**Available data:**
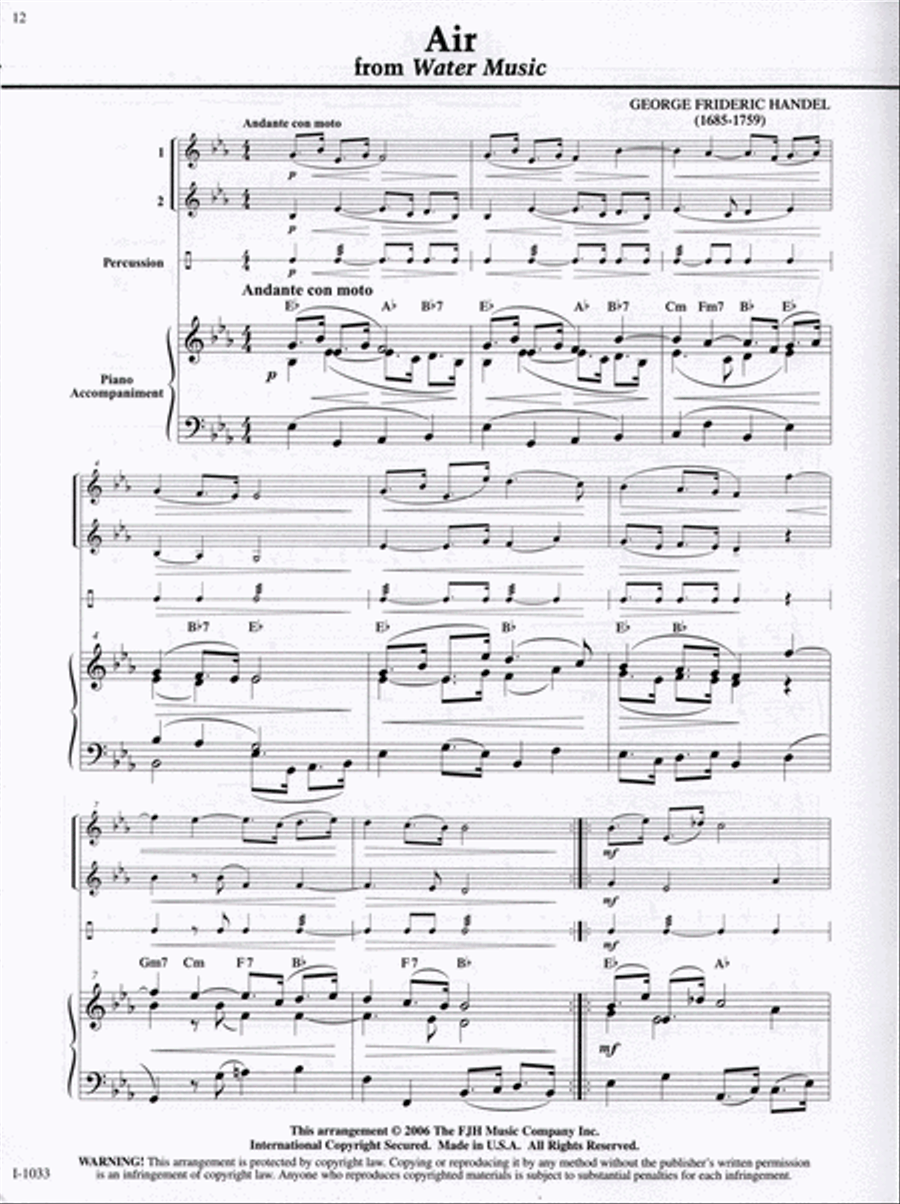 Classics for Two, Piano Accompaniment Piano Accompaniment scores gallery preview page 3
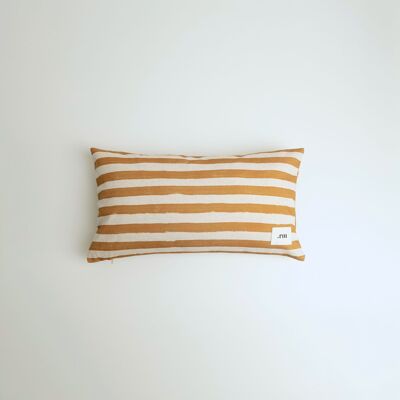 Rectangular striped cushion MUSTARD - .rm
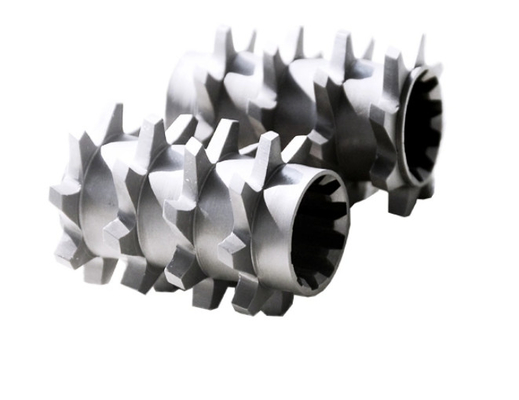D2 อุปกรณ์สกรู extruder เหล็กที่มีความทนทานต่อการกัดกร่อน สําหรับอุตสาหกรรม masterbatch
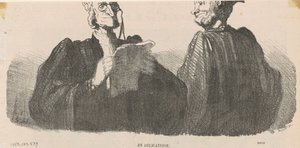 In Delicacy by Honoré Daumier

**Work order:**
Print the listing again exactly, please. Keep the pictures out of it.

**Exercise solution:**
 Classics for Two, Piano Accompaniment Piano Accompaniment scores gallery preview page 3
 Rectangular striped cushion MUSTARD - .rm
D2 อุปกรณ์สกรู extruder เหล็กที่มีความทนทานต่อการกัดกร่อน สําหรับอุตสาหกรรม masterbatch
 In Delicacy by Honoré Daumier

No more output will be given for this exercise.